**Exercise requirements**.
Leaving out the pictures, retype the lines from the beginning of the listing through the line containing "After this debug".

**Input records**.
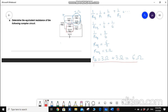Using the same formula, 1 over R equivalent equals 1 over 4 plus 1 over 12. You can do this on the calculator — 1 over 4 as a decimal. You will get that it equals 0.333. Taking the reciprocal of both sides, R equivalent is equal to 3 ohms.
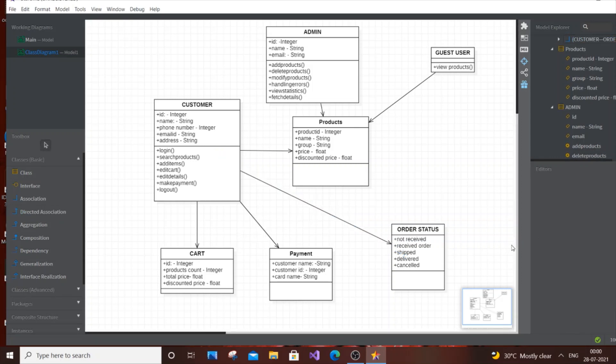I hope this class diagram was useful. I've also done use case diagrams and activity diagrams — check out my video list. My channel covers programming tutorials in C, C++, Java, Python, Blender studio animation, and Unity. Please subscribe and support — it really helps. Thanks for watching!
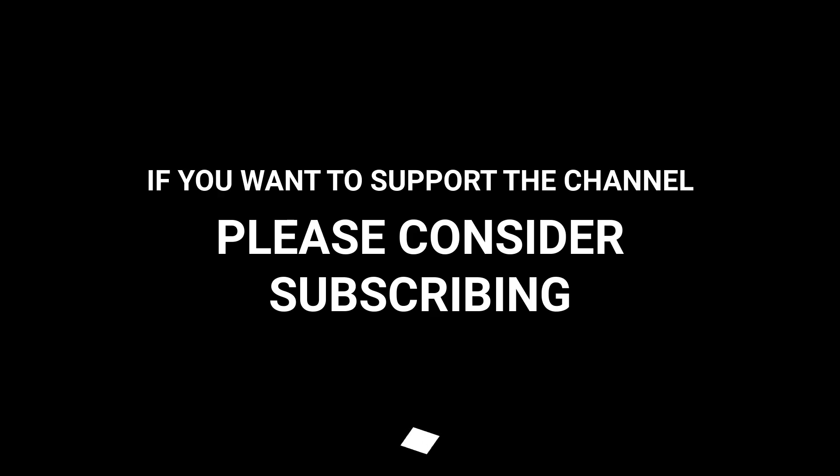If you want to support the channel please consider subscribing.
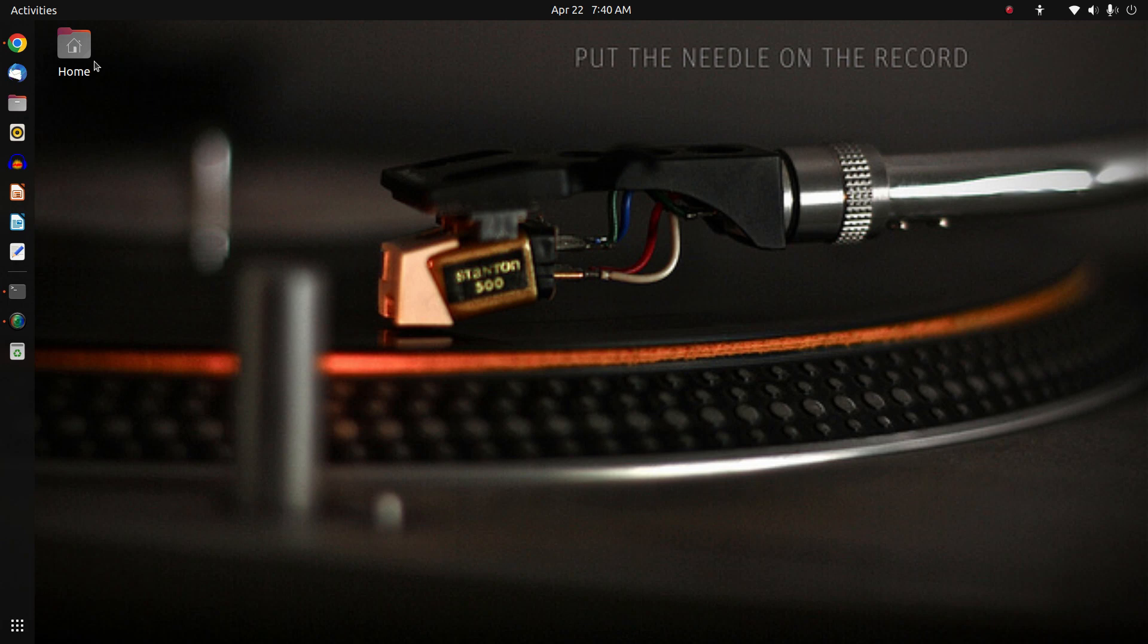Today we're going to take a quick look around Ubuntu 22.04 on the desktop. I just posted a video where I upgraded it on my server. Well, since then I've been a busy little bee, and I have not only done an in-place upgrade on one of my machines, on the machine that you're looking at now, I actually switched from Linux Mint to Ubuntu 22.04, so this is what would be a fresh install.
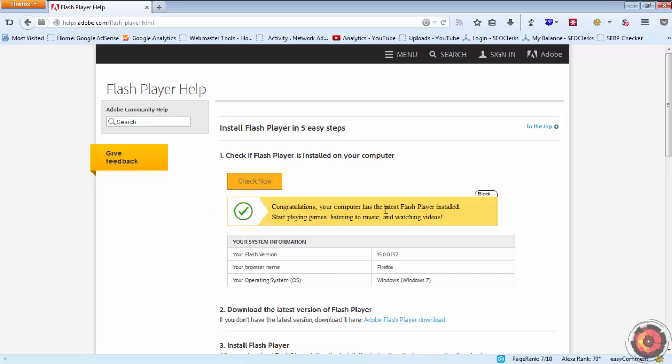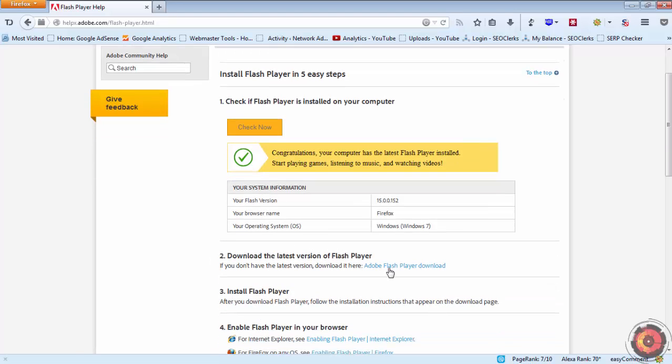It will check if Flash Player is installed and if your version is the latest version. If it is not, you can download the latest version from this link.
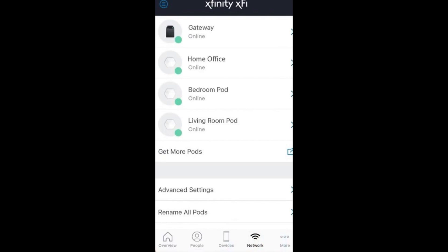Download or open the Xfinity app on your smartphone or tablet, available on iOS and Android. Sign in with your Xfinity ID and password.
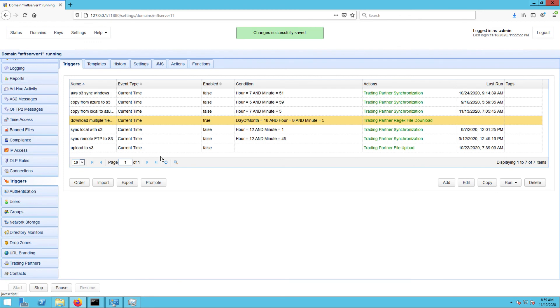That's it! Now you know how to configure Jscape MFT Server so it can download multiple files from Azure Blob Storage.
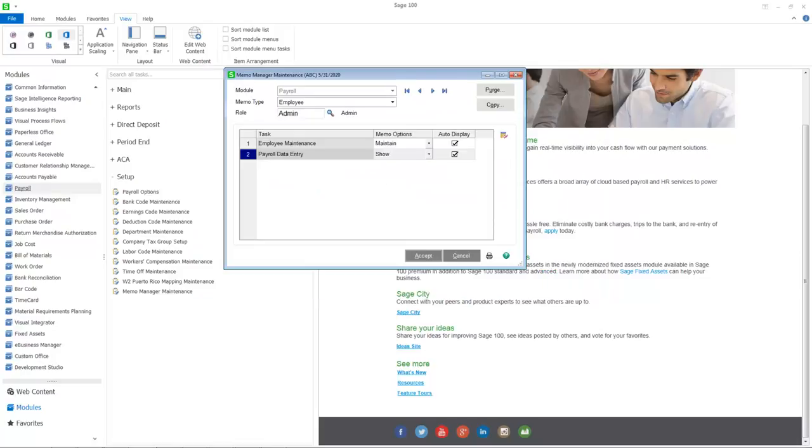Memo manager maintenance has been added for payroll 2.0 and now includes memos for payroll data entry in addition to the employee memos that were available in the previous version. This concludes the demo for payroll setup. Thank you for watching.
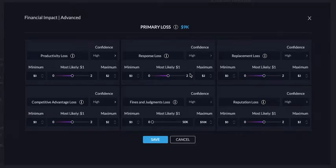Quantifying financial risk in cybersecurity when it comes to risk management is actually quite a difficult task. One of the things we've built and centralized is a primary loss calculator, which is one of our most popular features.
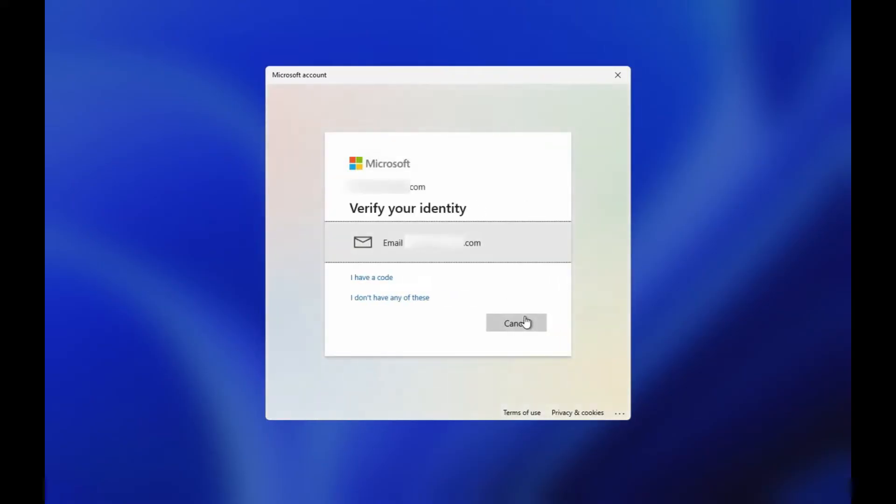It could be phone number or email, depending on your previous setting. For me, it's email. Now click on the email account and then you'll get a security code in your inbox.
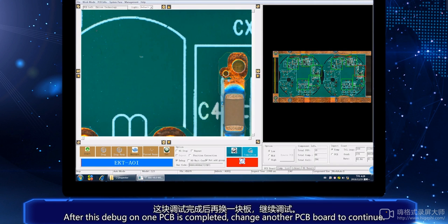After this debug on one PCB is completed, change to another PCB board to continue.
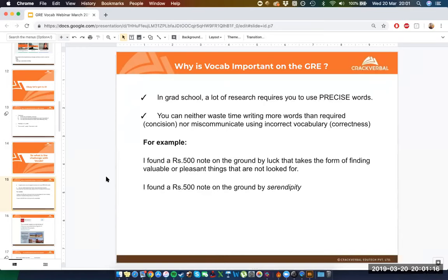By using the right word, you give a better understanding of the situation described. Now I know it wasn't just regular luck — it was something totally unexpected. This is why vocab matters: you're going to be doing research and you need the words at your disposal to communicate your ideas effectively.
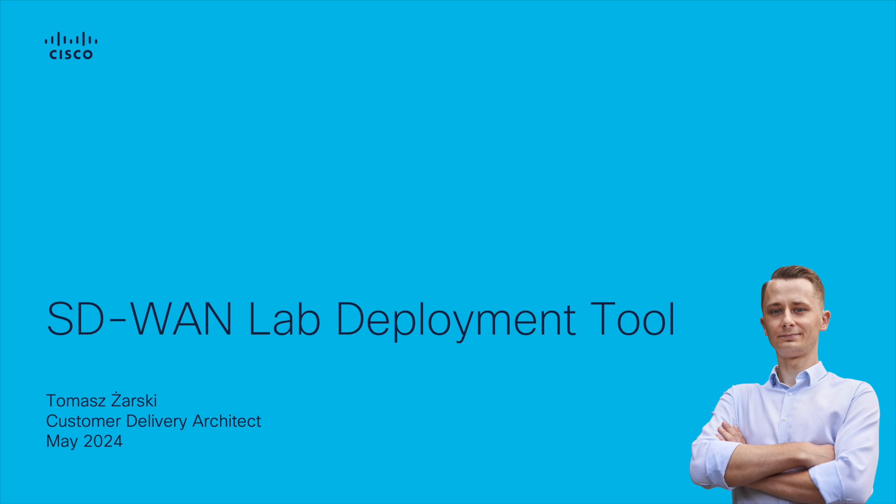Hello, my name is Tomasz Żarski and I'm a Customer Delivery Architect for Cisco Catalyst SD-WAN. In this video, I'm going to talk about the SD-WAN Lab Deployment Tool, which automates Cisco Catalyst SD-WAN Labs inside Cisco Modeling Labs.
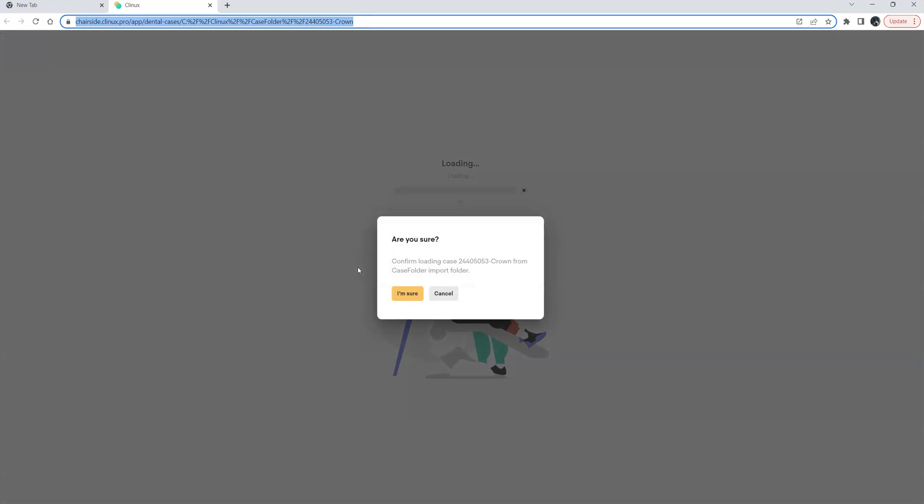Clinics is the only browser-based software of its kind. There's nothing you need to install, there's nothing you need to do. Updates are pushed automatically. So when we push that Clinics button inside of MeditLink it'll automatically open the browser.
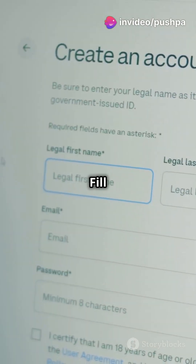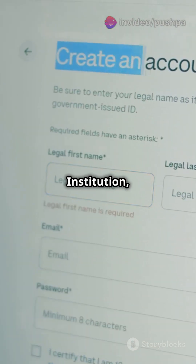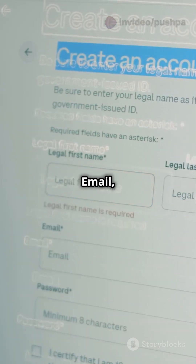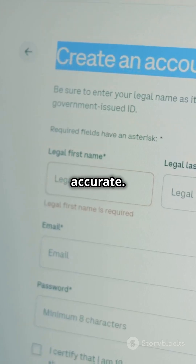Step 2. Fill in your details: title, name, institution, country, email, and phone. Make sure everything is accurate.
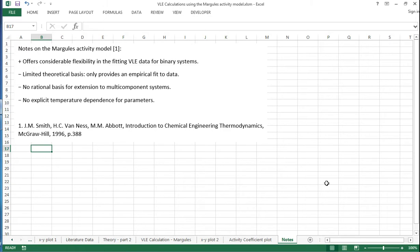Overall, that's how we can use the Margules activity model to calculate VLE data.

**Answer to the problem**.
Using the same formula, 1 over R equivalent equals 1 over 4 plus 1 over 12. You can do this on the calculator — 1 over 4 as a decimal. You will get that it equals 0.333. Taking the reciprocal of both sides, R equivalent is equal to 3 ohms.
I hope this class diagram was useful. I've also done use case diagrams and activity diagrams — check out my video list. My channel covers programming tutorials in C, C++, Java, Python, Blender studio animation, and Unity. Please subscribe and support — it really helps. Thanks for watching!
If you want to support the channel please consider subscribing.
Today we're going to take a quick look around Ubuntu 22.04 on the desktop. I just posted a video where I upgraded it on my server. Well, since then I've been a busy little bee, and I have not only done an in-place upgrade on one of my machines, on the machine that you're looking at now, I actually switched from Linux Mint to Ubuntu 22.04, so this is what would be a fresh install.
It will check if Flash Player is installed and if your version is the latest version. If it is not, you can download the latest version from this link.
Download or open the Xfinity app on your smartphone or tablet, available on iOS and Android. Sign in with your Xfinity ID and password.
That's it! Now you know how to configure Jscape MFT Server so it can download multiple files from Azure Blob Storage.
Memo manager maintenance has been added for payroll 2.0 and now includes memos for payroll data entry in addition to the employee memos that were available in the previous version. This concludes the demo for payroll setup. Thank you for watching.
Quantifying financial risk in cybersecurity when it comes to risk management is actually quite a difficult task. One of the things we've built and centralized is a primary loss calculator, which is one of our most popular features.
It could be phone number or email, depending on your previous setting. For me, it's email. Now click on the email account and then you'll get a security code in your inbox.
After this debug on one PCB is completed, change to another PCB board to continue.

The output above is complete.